Using `F_{ij} = epsilon_{ijk} B_k`, `F_{j0} = E_j`, and `F_{0i} = -E_i`,
this is:

```text
epsilon_{ijk} partial_t B_k + partial_i E_j - partial_j E_i = 0,
```

which is exactly:

```text
curl E + partial_t B = 0.
```

This is extracted from `d(dA)=0`; Faraday's law is not invoked as a premise.

### 4. Integral Closure On Registered `(S, partial S)`

Choose any admissible oriented static surface-loop pair `(S, partial S)` inside
`U`. Integrating the component identity over `S` and applying Stokes' theorem
to the spatial curl term gives:

```text
oint_{partial S} E dot dl + d/dt int_S B dot dA = 0.
```

Because `P_shadow^point[A] = F`, the `E` and `B` in this identity are exactly
the registered point-limit shadow readouts inherited through the Phase 1 sign
convention. Therefore:

```text
R_F^0(S)
  = oint_{partial S} P_shadow^point(E) dot dl
    + d/dt int_S P_shadow^point(B) dot dA
  = 0.
```

All global `A` reconstruction terms cancel before this step, via `d(dA)=0`.

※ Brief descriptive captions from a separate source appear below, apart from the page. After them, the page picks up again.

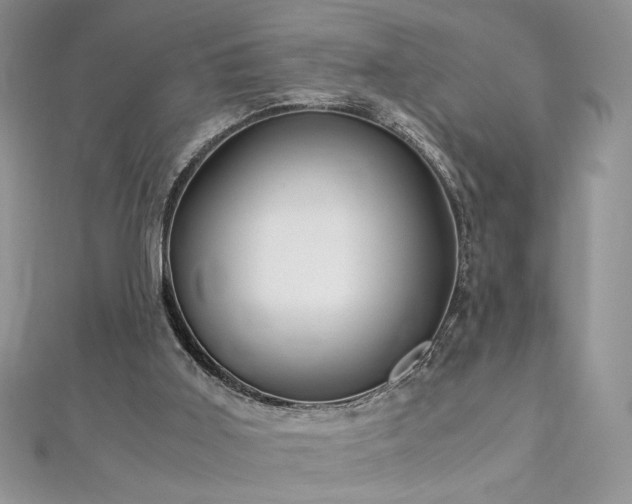 X0000113140011200909041218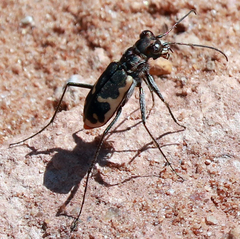 Cicindela schauppii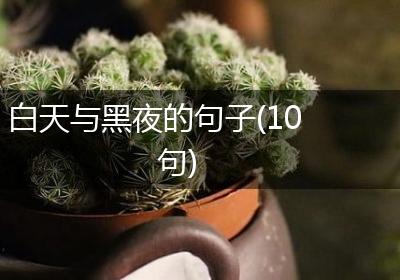白天与黑夜的句子(10句)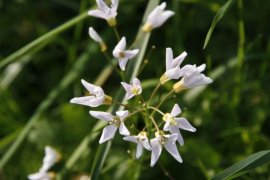 Wiesenschaumkraut im Leutewitzer Park
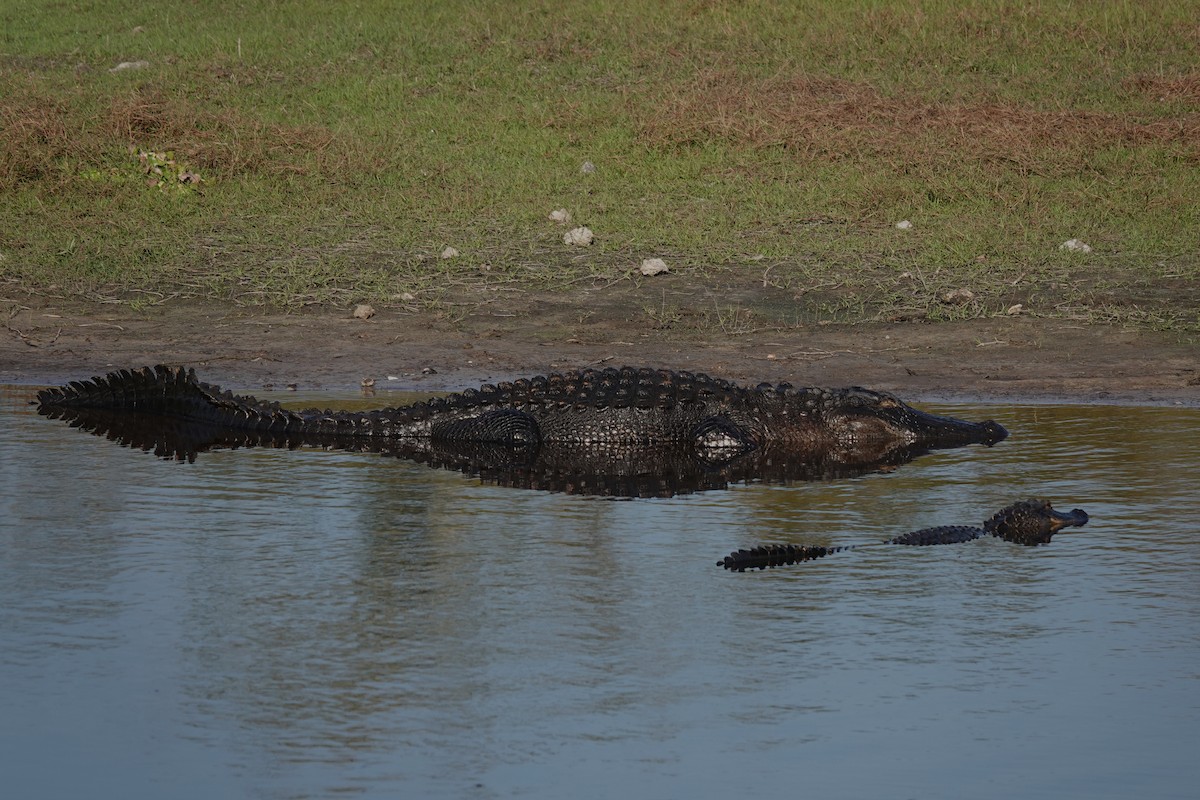 American Alligator - ML645813430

### 5. Finite-Stencil Locality Receipt

Let the normalized finite-stencil readout be:

```text
P_hat_shadow^epsilon[A]_{mu nu}
  = epsilon^-2 P_shadow^stencil[A]_{mu nu}.
```

For `C^2` fields:

```text
P_hat_shadow^epsilon[A]_{mu nu} = F_{mu nu} + O(epsilon),
```

equivalently the raw plaquette holonomy has per-plaquette error
`O(epsilon^3)`. A regular mesh of a fixed registered surface therefore has:

```text
R_F^epsilon(S) = O(epsilon),
lim_{epsilon -> 0+} R_F^epsilon(S) = R_F^0(S) = 0.
```

The fixed-`epsilon` term is a discretisation receipt, not a clean-domain
failure. No nonlocal data survives the registered limit.

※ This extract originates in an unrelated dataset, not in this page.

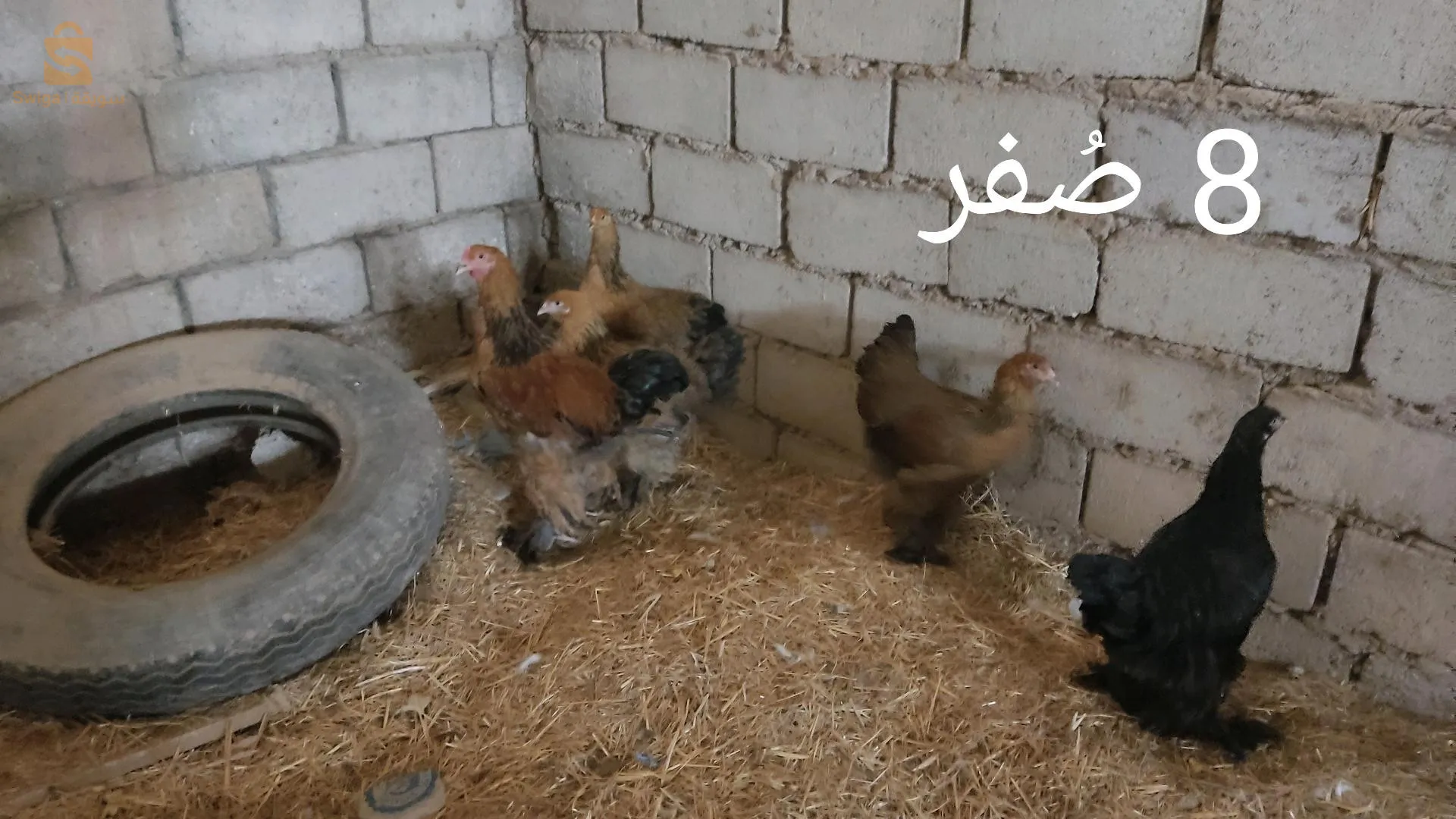 دجاج براهما للبيع بسعر مغري جدا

### 6. Lorentz Invariant Receipt

The two invariants are:

```text
I_1 = F_{mu nu} F^{mu nu} = 2(|B|^2 - |E|^2)
I_2 = F_{mu nu} tilde F^{mu nu} = -4 E dot B
```

Since `P_shadow^point[A] = F` exactly in the registered limit, both invariants
computed from shadow data match the true invariants:

```text
I_1_from_shadow - I_1_from_F = 0
I_2_from_shadow - I_2_from_F = 0
```

Gauge invariance follows immediately: under `A -> A + d lambda`,
`F -> dA + d^2 lambda = F`, and the finite-stencil holonomy changes by
`oint_{partial omega} d lambda = 0` on every registered plaquette.

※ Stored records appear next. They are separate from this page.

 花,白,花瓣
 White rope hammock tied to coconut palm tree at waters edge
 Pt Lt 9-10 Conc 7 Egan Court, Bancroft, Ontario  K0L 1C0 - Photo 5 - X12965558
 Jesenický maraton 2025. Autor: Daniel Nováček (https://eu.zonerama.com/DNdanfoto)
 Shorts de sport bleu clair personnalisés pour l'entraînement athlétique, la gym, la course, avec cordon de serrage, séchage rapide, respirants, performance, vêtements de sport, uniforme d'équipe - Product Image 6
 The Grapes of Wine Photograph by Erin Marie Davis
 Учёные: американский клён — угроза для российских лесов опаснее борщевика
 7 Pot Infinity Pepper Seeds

### 7. Branch Classification

All registered clean-domain residuals evaluate to exact structural zeros. The
derivation lands in **Branch A**.

## Closure Residual Table

| Receipt | Registered expression | Expected clean-domain value | Observed algebraic value | Branch impact |
| --- | --- | --- | --- | --- |
| Point-limit Faraday residual | `R_F^0(S)` | `0` | `0` | A |
| Finite-stencil residual | `R_F^epsilon(S)` | `O(epsilon)` or named truncation before limit; `0` after limit | `O(epsilon)` before limit; `0` after limit | A |
| Gauge invariance | `delta_lambda R_F^0(S)` | `0` | `0` | A |
| Lorentz invariant 1 | `I_1_from_shadow - I_1_from_F` | `0` | `0` | A |
| Lorentz invariant 2 | `I_2_from_shadow - I_2_from_F` | `0` | `0` | A |

## Branch Classification

**Branch A - clean structural zero.** Local shadow data suffices for Faraday
induction in the registered classical vacuum domain.

## Supporting Checks

The hand exterior-calculus derivation above is decisive. Phase 4 now records
the supporting spot-checks in
[`FARADAY_PHASE4_VERIFICATION.md`](FARADAY_PHASE4_VERIFICATION.md), including a
smooth source-free plane wave, finite-stencil scaling, a nonlocal projection
falsifier, an artificial monopole quarantine, and a gauge-invariance check. No
SymPy notebook is required for the algebraic receipt itself.